The St Petersburg Times

BOMBING GROZNY to get at the bandits is like bombing New York to get at drug dealers: it makes no sense, and it causes the wrong people a great deal of pain. The Russian authorities apparently have taken a page from Nato, or at least think they have; they hope to use air power in Chechnya to the same good effect that Nato did in Yugoslavia. The Russian military is keen to avoid a ground war, recalling how badly its troops were mauled by rebel forces during the disastrous war that ended in 1996. But Chechnya isn't Yugoslavia, and the Nato lesson would appear to be badly misapplied. If bombing won't work, what will? Perhaps the Russians might try words. President Maskhadov already has called on the Russian Prime Minister Vladimir Putin to open talks; presumably Maskhadov has at least a chance of bringing the rebels to the table as well. Putin has declined the invitation, unwisely. He should reconsider, for there is no way in Chechnya that he can bomb his way to peace.

Star Tribune, US

THE WEST needs a competent, forward-looking Russia, not one caught in the coils of a dirty ethnic war. It is particularly disturbing to find the Yeltsin government disdaining talks with the Chechen government, which has its own reason to restore local order.
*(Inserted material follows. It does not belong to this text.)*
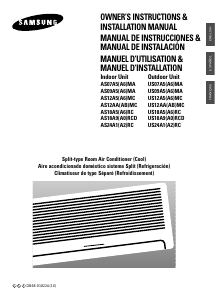 Bruksanvisning Samsung US12ABMC Luftkonditionering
There is no good solution to this conflict, but some solutions are better than others, and Moscow does not yet appear to be heading toward them.

The Washington Post

Apart from the political uncertainties that abound in Moscow, the Russian military is in poor state and the political authorities must evolve a strategy to tackle the Caucasus problem. One hopes that threat of ground troops in Chechnya again remains just that. The agreement that brought the Chechnya fighting to an end in 1996 merely postponed the question of the republic's status and is now strained to the breaking-point. Talks with Yeltsin suggested by the Chechen President have met with a frosty Russian response but the latter is in no position to guarantee the conduct of his warlords and can only plead his own innocence. A meeting of Caucasian leaders with President Yeltsin and his advisers could be more productive, but the problem of policing a lawless region with the central authority in Moscow in its present state, is still formidable.